*EXERCISE REQUIREMENTS*:
What lines in the listing include "Nature"? Return a copy of each.

----

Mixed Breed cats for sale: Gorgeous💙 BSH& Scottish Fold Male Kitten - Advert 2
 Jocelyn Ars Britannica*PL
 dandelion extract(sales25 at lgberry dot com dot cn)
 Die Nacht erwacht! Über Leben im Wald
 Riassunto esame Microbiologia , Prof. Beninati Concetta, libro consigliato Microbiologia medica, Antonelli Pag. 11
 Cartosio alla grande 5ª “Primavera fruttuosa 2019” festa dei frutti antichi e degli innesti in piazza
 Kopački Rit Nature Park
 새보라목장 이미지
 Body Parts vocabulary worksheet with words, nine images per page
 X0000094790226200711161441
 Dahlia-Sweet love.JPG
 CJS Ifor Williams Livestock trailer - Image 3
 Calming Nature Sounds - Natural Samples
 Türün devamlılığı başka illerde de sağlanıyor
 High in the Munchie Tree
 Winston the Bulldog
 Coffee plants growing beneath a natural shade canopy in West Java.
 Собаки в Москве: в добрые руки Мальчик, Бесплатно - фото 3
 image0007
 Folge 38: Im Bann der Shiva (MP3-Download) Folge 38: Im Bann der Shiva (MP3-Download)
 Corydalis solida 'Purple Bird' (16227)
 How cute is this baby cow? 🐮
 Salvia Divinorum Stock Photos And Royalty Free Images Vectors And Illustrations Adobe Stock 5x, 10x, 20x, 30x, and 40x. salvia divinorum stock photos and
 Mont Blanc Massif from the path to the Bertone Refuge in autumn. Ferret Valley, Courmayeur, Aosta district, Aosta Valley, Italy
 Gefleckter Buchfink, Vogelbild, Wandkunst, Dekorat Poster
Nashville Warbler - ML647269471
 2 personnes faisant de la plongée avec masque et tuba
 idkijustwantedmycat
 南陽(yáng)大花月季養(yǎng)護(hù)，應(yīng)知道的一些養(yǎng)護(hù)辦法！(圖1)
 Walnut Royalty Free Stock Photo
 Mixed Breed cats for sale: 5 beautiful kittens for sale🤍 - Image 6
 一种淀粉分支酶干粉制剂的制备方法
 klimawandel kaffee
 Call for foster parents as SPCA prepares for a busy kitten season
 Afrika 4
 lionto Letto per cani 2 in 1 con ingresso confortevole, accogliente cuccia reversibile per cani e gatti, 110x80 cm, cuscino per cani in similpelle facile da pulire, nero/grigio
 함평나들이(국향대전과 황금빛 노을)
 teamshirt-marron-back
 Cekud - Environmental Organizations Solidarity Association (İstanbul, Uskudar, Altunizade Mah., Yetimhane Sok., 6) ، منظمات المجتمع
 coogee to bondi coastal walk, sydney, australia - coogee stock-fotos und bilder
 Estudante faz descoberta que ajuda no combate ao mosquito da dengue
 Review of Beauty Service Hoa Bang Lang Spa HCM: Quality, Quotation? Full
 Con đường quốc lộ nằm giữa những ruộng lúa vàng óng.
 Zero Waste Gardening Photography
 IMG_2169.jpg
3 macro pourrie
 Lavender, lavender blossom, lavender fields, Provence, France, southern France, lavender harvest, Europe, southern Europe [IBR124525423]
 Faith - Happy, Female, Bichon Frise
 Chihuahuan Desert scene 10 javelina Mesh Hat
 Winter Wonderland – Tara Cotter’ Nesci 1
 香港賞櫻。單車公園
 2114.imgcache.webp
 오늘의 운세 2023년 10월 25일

----

*REPLY*:
 Kopački Rit Nature Park
 Calming Nature Sounds - Natural Samples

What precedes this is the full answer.